Ora non voglio vedere fino a qual punto avessero ragione o torto costoro nel mettere in dubbio le qualità poetiche di Alfieri, questione già trattata da molti altri, e che ci allontanerebbe dal nostro proposito. Dirò solo che i fratelli Schlegel lo maltrattano non solo come Vittorio Alfieri, ma come rappresentante di un sistema messo da essi al bando dell'arte e della poesia. In virtù di questo sistema Alfieri si teneva in buona compagnia, perché con lui sono condannati tutt'i tragici antichi italiani, rei di aver imitato le forme classiche, e Corneille, Racine, Crébillon, Voltaire, lo stesso Molière, Metastasio, Goldoni e via di seguito.
Gli strali lanciati qua e là si condensano principalmente contro Alfieri. Qui si vede anche la passione cattolica reazionaria che in quel tempo si svegliava, e che sceglieva a capro espiatorio il povero Alfieri.

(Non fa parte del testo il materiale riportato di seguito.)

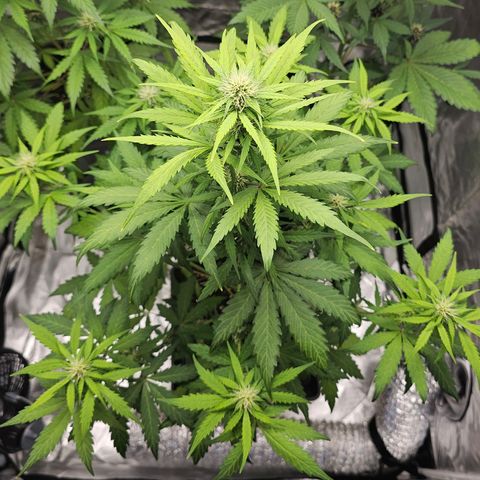 Royal Critical Automatic growlog timeline photo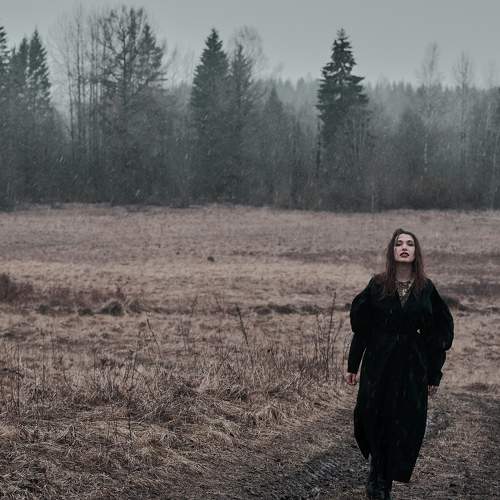 Photo #7183645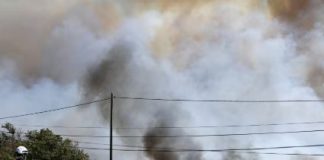Incendios forestales en Europa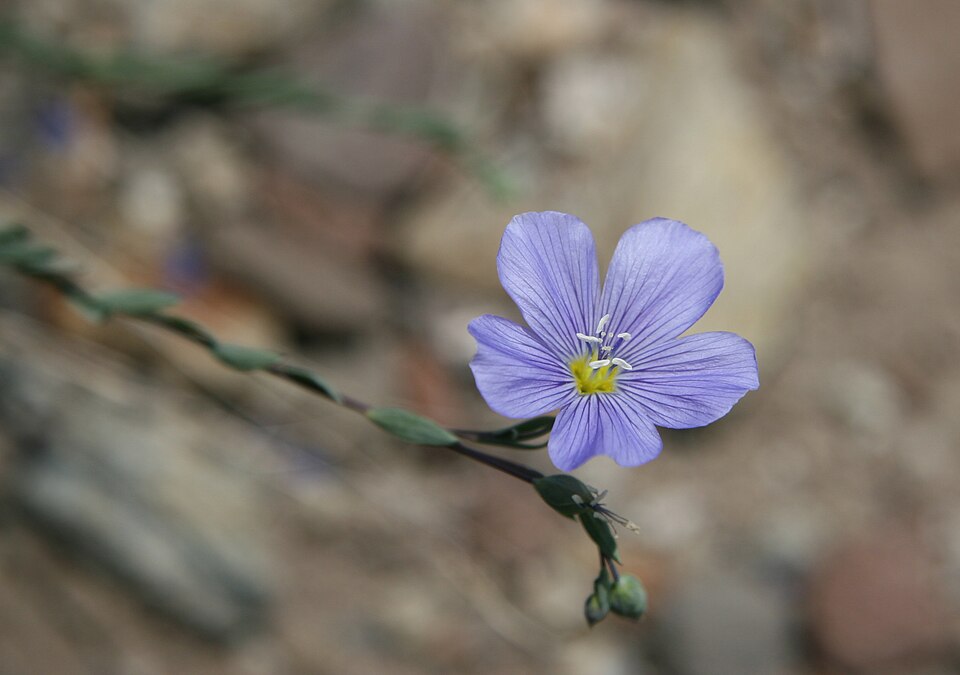 Lewis' Wild Blue Flax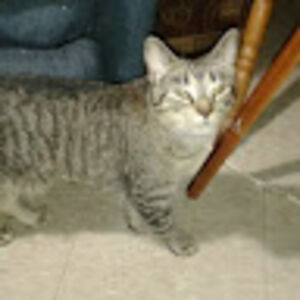 carriewestendorf avatar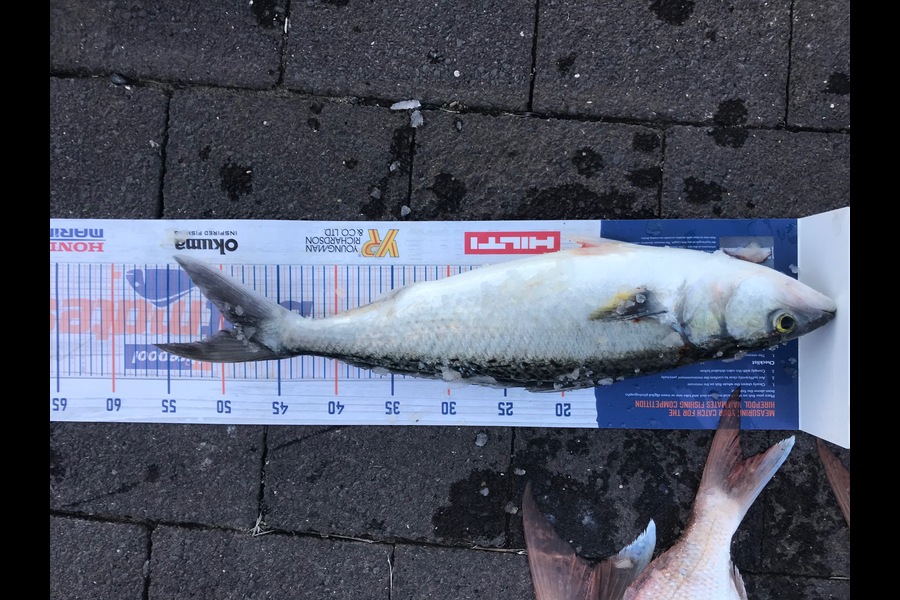 Theo Gruar caught this 48.5cm Kahawai at kaipara harbour during The Hirepool Baitmates Fishing Comp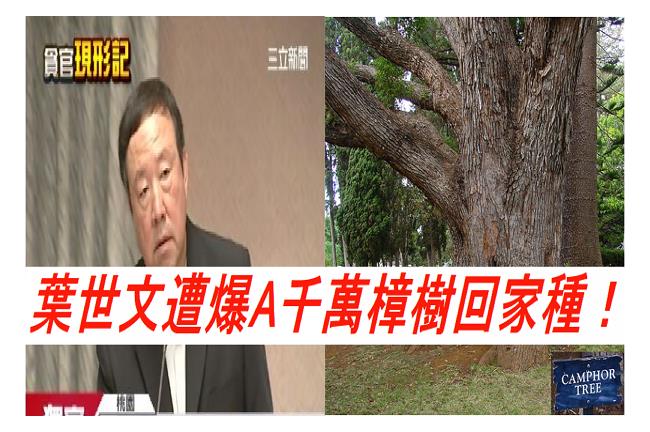 葉世文遭爆　連玉山之寶樟樹也A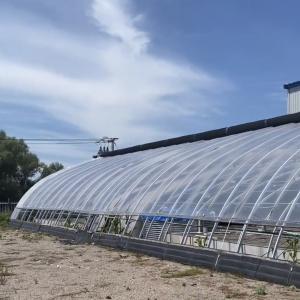 Arched Roof Sunlight Greenhouse for Vegetable Production Seeding US 20/Square Meter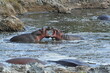 © Alinda - hippopotamus in river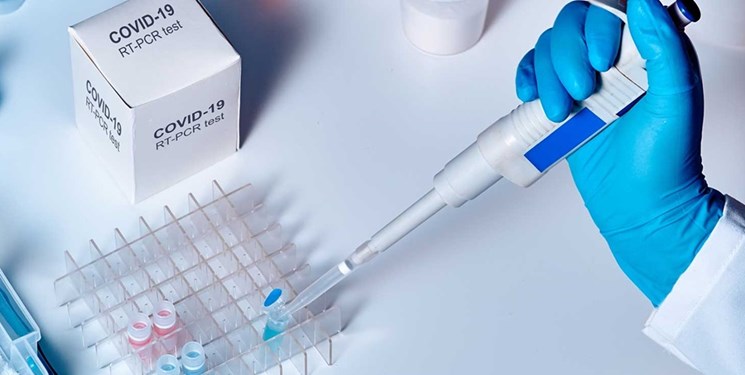 ویروس کرونا 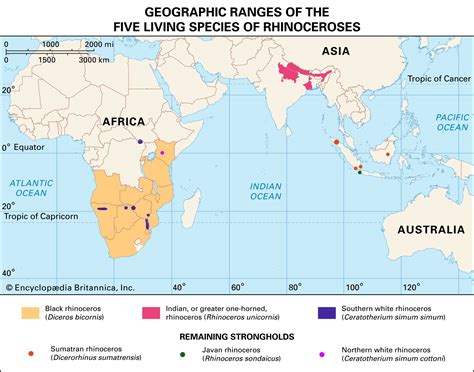 Javan rhinoceros | Population, Habitat, & Facts | Britannica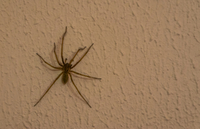 Вся правда про «волохатих чудовиськ» під ліжком: Чи варто боятися домашніх павуків 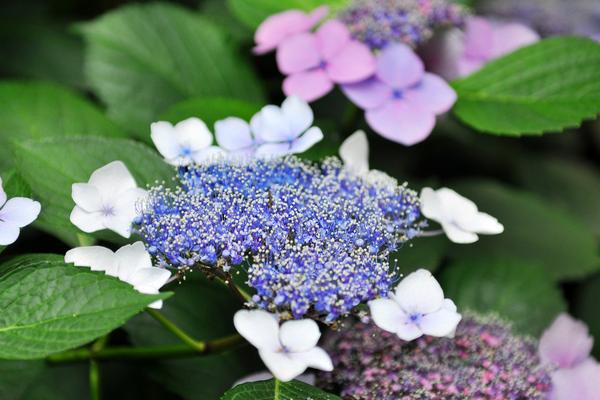 瓊花怎么種 瓊花種植方法與注意事項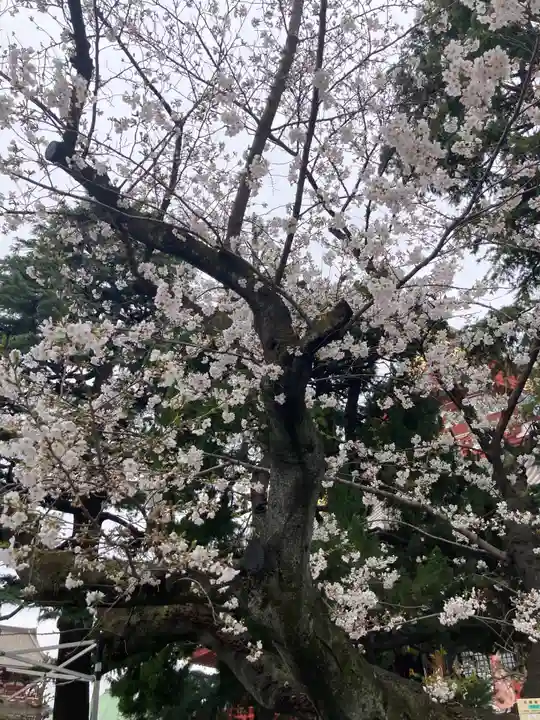 浅草神社の自然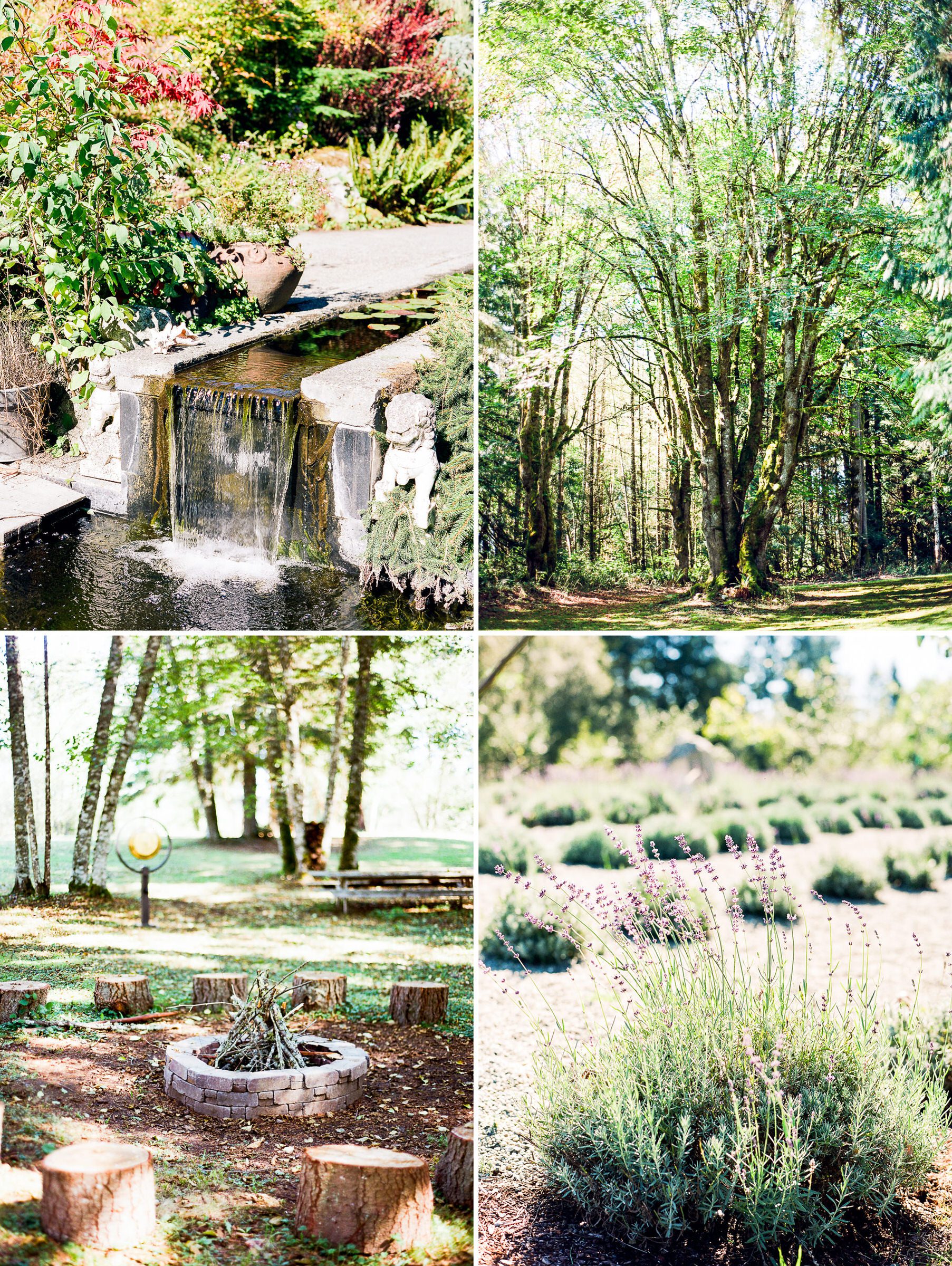 Kingston House weddings: Katherine and Graeme, Summer 2016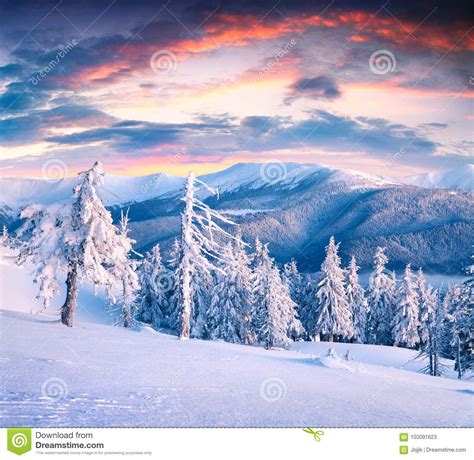 Beautiful Winter Sunrise In Carpathian Mountains With Snow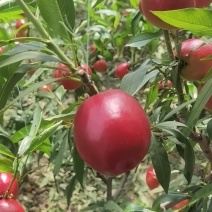 河北暖棚油桃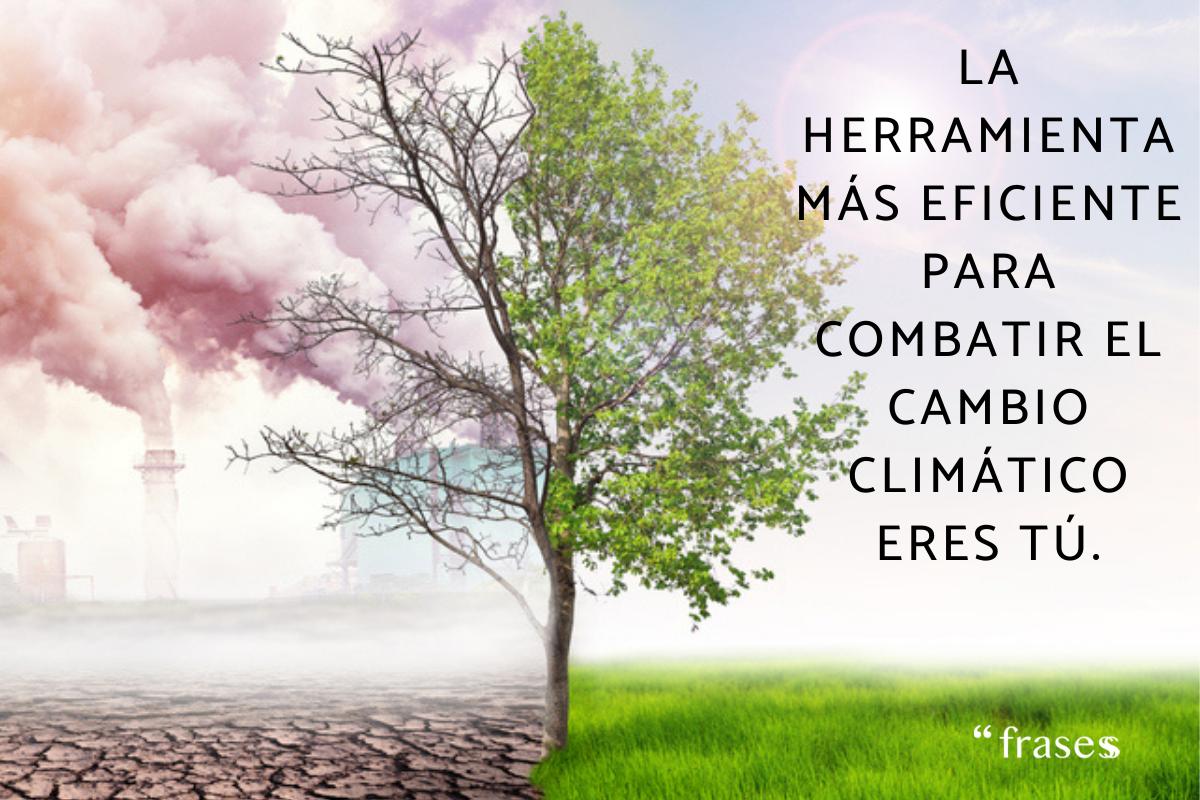 Frases del cambio climático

Bisogna esser vivuto in que' tempi per comprendere l'immensa impressione che produssero le due opere dei fratelli Schlegel. Sono critici empirici, non sono filosofi né Federico né Augusto, e non sono io che li chiamo in questo modo, è Hegel medesimo. Sono empirici, ma nel loro empirismo c'è tanta ricchezza di nuovo contenuto, tante nuove viste originali, c'è un sistema che contraddice tutte le regole e opinioni ricevute, che naturalmente doveano produrre grande impressione. Uno di quelli che provarono questa impressione fu il giovane Alessandro Manzoni, ed essa è visibile in lui quando non solo si osservano le sue poesie, ma si leggono i suoi discorsi e articoli critici.